Material provided:
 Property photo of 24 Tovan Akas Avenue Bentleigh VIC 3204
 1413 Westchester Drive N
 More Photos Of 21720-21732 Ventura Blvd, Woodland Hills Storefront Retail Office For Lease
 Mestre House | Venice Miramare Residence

...

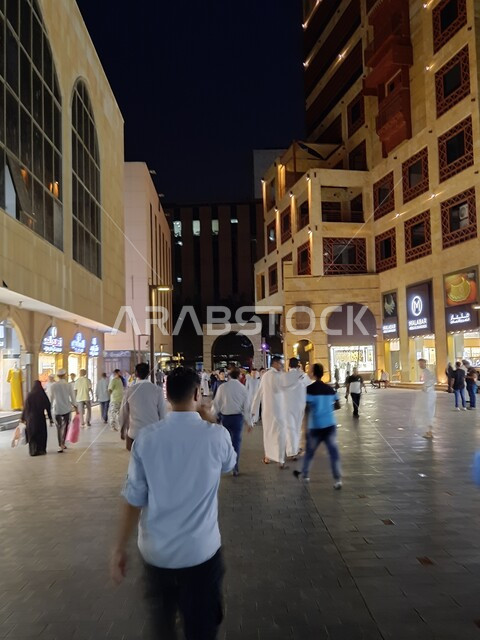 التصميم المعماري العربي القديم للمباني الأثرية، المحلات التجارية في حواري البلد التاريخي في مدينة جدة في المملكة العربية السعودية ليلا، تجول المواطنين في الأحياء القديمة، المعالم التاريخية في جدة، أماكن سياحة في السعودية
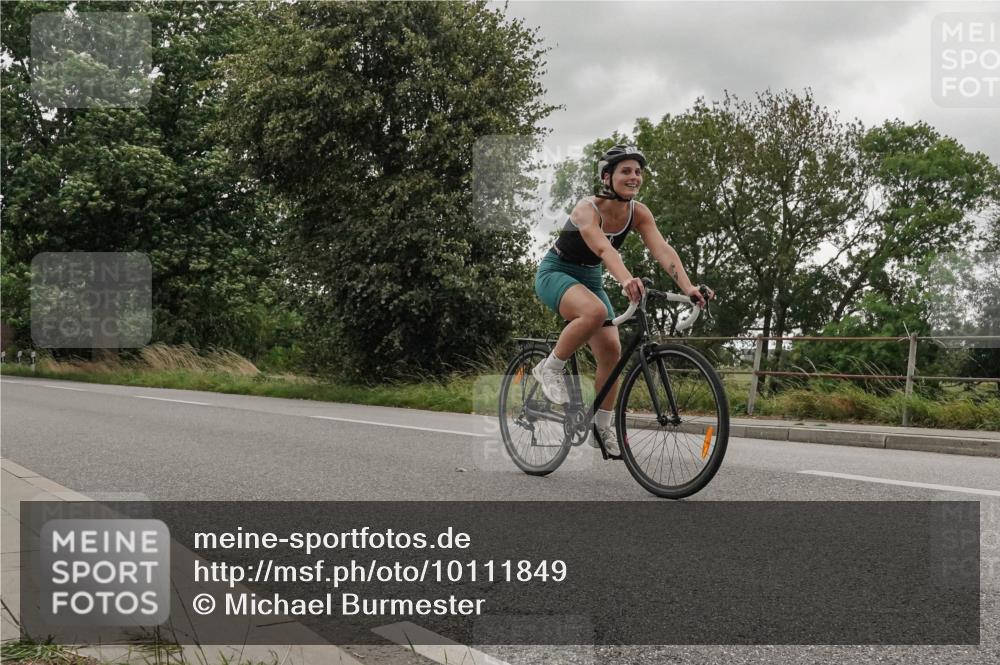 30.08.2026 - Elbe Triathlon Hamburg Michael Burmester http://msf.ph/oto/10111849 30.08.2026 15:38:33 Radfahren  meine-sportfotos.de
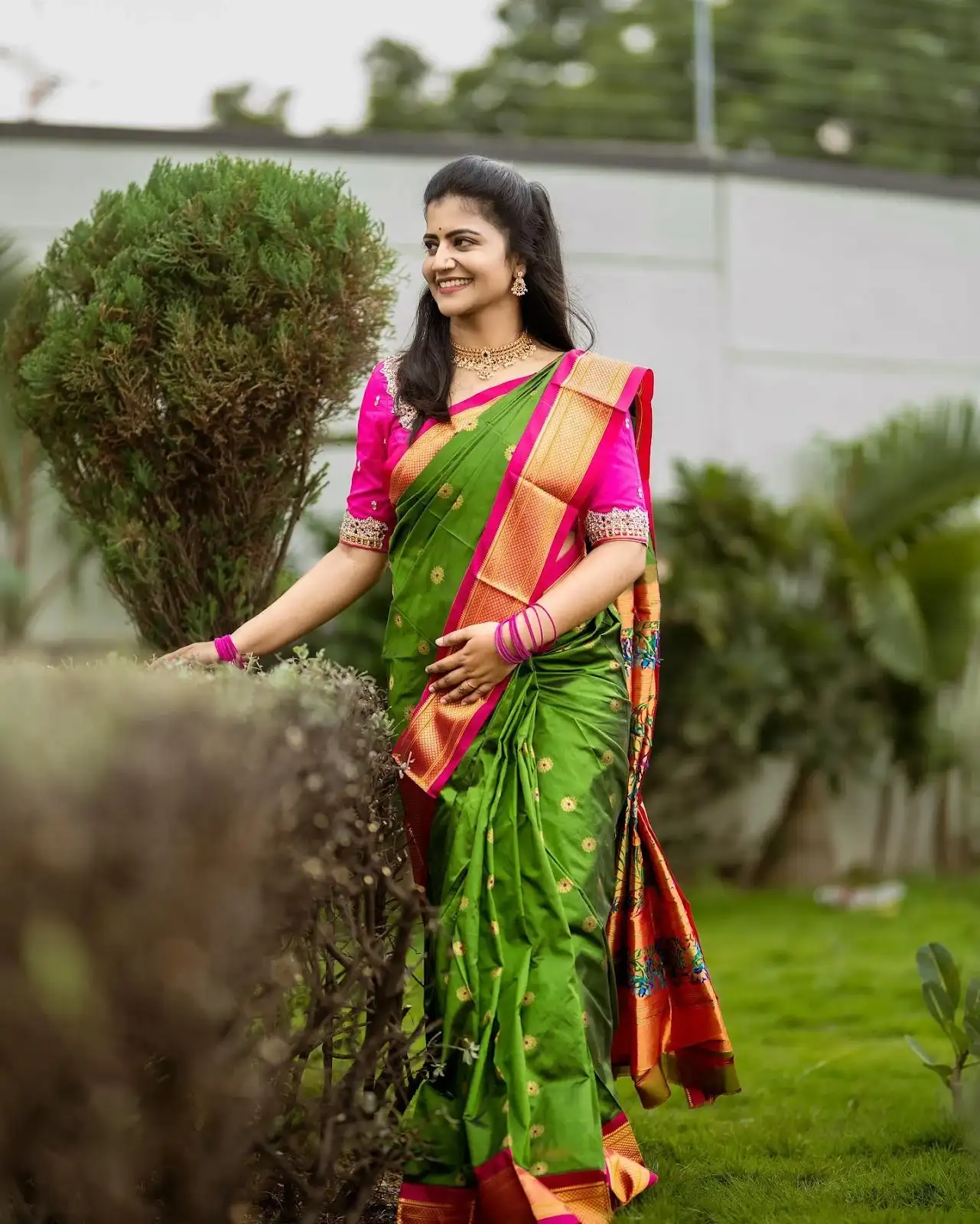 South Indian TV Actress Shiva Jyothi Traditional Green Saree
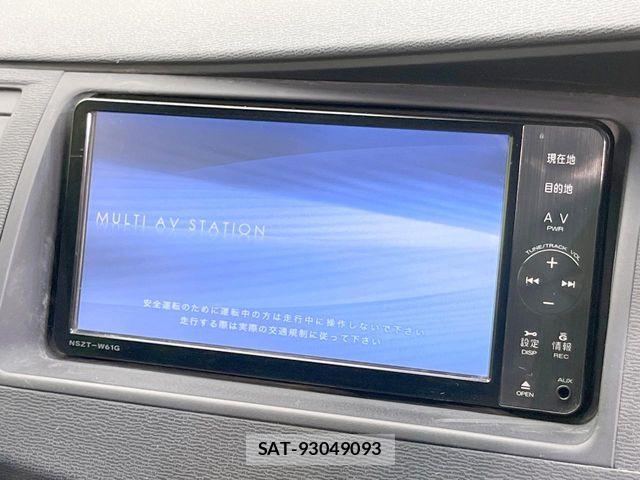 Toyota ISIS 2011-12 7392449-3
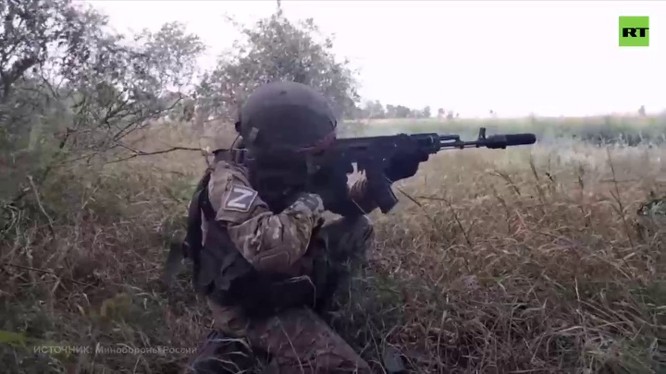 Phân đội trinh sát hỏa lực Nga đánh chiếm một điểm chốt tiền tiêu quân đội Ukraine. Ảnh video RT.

Problem description: In the entries above, every line from the line with "30.08.2026 - Elbe" to the line with "Phân đội trinh" is to be printed exactly, with both ends included and pictures excluded.

The completed task:
 30.08.2026 - Elbe Triathlon Hamburg Michael Burmester http://msf.ph/oto/10111849 30.08.2026 15:38:33 Radfahren  meine-sportfotos.de
 South Indian TV Actress Shiva Jyothi Traditional Green Saree
 Toyota ISIS 2011-12 7392449-3
 Phân đội trinh sát hỏa lực Nga đánh chiếm một điểm chốt tiền tiêu quân đội Ukraine. Ảnh video RT.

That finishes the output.